Months while I was being dosed into obedience. The Chancellor pinched the bridge of his nose as if even law could smell rot now.
"So you knowingly appeared beside a man still bound under unresolved mate status."
"I appeared beside a future necessary to the realm," Lyra snapped, too fast. "Vale territory was unstable. Adrian's public survival required narrative management. His mother's household had already..."
She stopped.
Not quickly enough.
Already.
Mother Ysilde's eyes sharpened.
"Had already what?"
Lyra's silence told the room what words would not.
She had known enough.
Enough to proceed.
Enough to benefit.
Enough to let another woman be managed into near-death while calling it inevitability later.
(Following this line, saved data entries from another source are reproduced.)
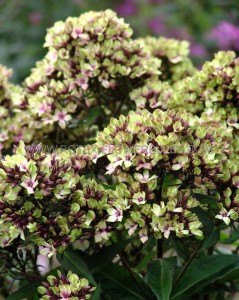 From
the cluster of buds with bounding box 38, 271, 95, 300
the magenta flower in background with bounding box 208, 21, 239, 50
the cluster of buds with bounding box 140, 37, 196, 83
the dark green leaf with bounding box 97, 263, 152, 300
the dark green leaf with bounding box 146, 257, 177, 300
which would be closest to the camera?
the cluster of buds with bounding box 38, 271, 95, 300

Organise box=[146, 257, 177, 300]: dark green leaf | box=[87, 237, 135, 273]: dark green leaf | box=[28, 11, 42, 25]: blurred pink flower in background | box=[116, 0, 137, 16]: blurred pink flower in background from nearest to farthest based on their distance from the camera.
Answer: box=[146, 257, 177, 300]: dark green leaf
box=[87, 237, 135, 273]: dark green leaf
box=[28, 11, 42, 25]: blurred pink flower in background
box=[116, 0, 137, 16]: blurred pink flower in background

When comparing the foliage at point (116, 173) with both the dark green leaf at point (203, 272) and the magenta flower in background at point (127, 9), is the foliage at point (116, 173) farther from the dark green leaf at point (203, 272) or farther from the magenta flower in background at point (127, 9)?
the magenta flower in background at point (127, 9)

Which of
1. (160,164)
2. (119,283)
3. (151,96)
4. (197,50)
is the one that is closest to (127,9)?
(197,50)

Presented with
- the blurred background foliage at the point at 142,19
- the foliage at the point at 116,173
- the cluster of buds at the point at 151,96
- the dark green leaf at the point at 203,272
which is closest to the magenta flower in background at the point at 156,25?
the blurred background foliage at the point at 142,19

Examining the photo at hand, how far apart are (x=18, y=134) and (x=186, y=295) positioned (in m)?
0.78

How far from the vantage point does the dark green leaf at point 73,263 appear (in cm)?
171

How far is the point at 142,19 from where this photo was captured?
553 cm

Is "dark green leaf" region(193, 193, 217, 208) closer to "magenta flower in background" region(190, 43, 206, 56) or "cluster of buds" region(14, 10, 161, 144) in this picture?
"cluster of buds" region(14, 10, 161, 144)

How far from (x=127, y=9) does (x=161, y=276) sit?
4.11 metres

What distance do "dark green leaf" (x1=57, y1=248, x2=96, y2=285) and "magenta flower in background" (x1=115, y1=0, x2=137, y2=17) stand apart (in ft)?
13.4

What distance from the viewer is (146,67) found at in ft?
7.02

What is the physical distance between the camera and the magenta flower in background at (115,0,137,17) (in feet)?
18.3

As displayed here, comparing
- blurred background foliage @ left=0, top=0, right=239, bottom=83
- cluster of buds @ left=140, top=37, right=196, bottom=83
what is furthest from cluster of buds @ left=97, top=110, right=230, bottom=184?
blurred background foliage @ left=0, top=0, right=239, bottom=83

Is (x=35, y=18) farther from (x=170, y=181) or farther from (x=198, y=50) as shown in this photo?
(x=170, y=181) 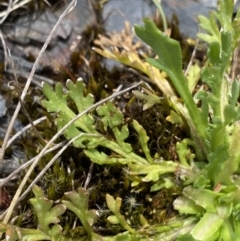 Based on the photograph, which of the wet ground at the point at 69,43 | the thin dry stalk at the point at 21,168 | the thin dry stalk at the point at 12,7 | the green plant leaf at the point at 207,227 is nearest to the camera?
the green plant leaf at the point at 207,227

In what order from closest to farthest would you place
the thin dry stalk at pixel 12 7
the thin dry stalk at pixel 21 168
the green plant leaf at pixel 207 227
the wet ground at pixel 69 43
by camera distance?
the green plant leaf at pixel 207 227 < the thin dry stalk at pixel 21 168 < the wet ground at pixel 69 43 < the thin dry stalk at pixel 12 7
The Chancellor leaned back.
"There is precedent," he said carefully, "for sealed correction when public disclosure would endanger trade compacts or border assurances. Bond irregularity may be acknowledged privately. Restitution may be ordered. Censure may be entered under restricted court access."
There it was.
The middle road.
The reasonable road.
The road where everyone important kept most of what they had stolen, provided they agreed I had suffered regrettably. Lucian did not answer for me.
That mattered.
"No," I said.
The Chancellor looked at me as if a document had spoken out of turn.
"Lady Selene, you should understand what public precedent may cost."
"I do," I said. "That is why I am still standing here."
The Merrow factor did not look at me this time.
He looked at the Chancellor.
"Restricted censure would leave affected trade houses enforcing agreements against a false record," he said. "House Merrow cannot certify neutrality under a sealed correction."
Not rescue.
Interest.
But interest had moved, and in politics movement mattered.
Mother Ysilde's mouth did not move, but the moonwater shivered once as if the temple itself had taken a breath.
That should have satisfied me.
It did not.
Not yet.
Because one thread still coiled black and poison-slick under all the others:
the bond.
Mother Ysilde turned toward me.
"Selene Hart. Approach the moon basin."
At the foot of the dais stood a shallow circular basin cut from white stone. Moonwater lay still within it, silver under the braziers. I knew enough temple law by then to understand what it meant.
Blood witness.
Wolf witness.
Truth in the oldest language, before letters, before courtiers, before men learned how to invoice cruelty.
"State your bond claim for the basin," Mother Ysilde said.
I stepped to the edge and laid my hand above the water.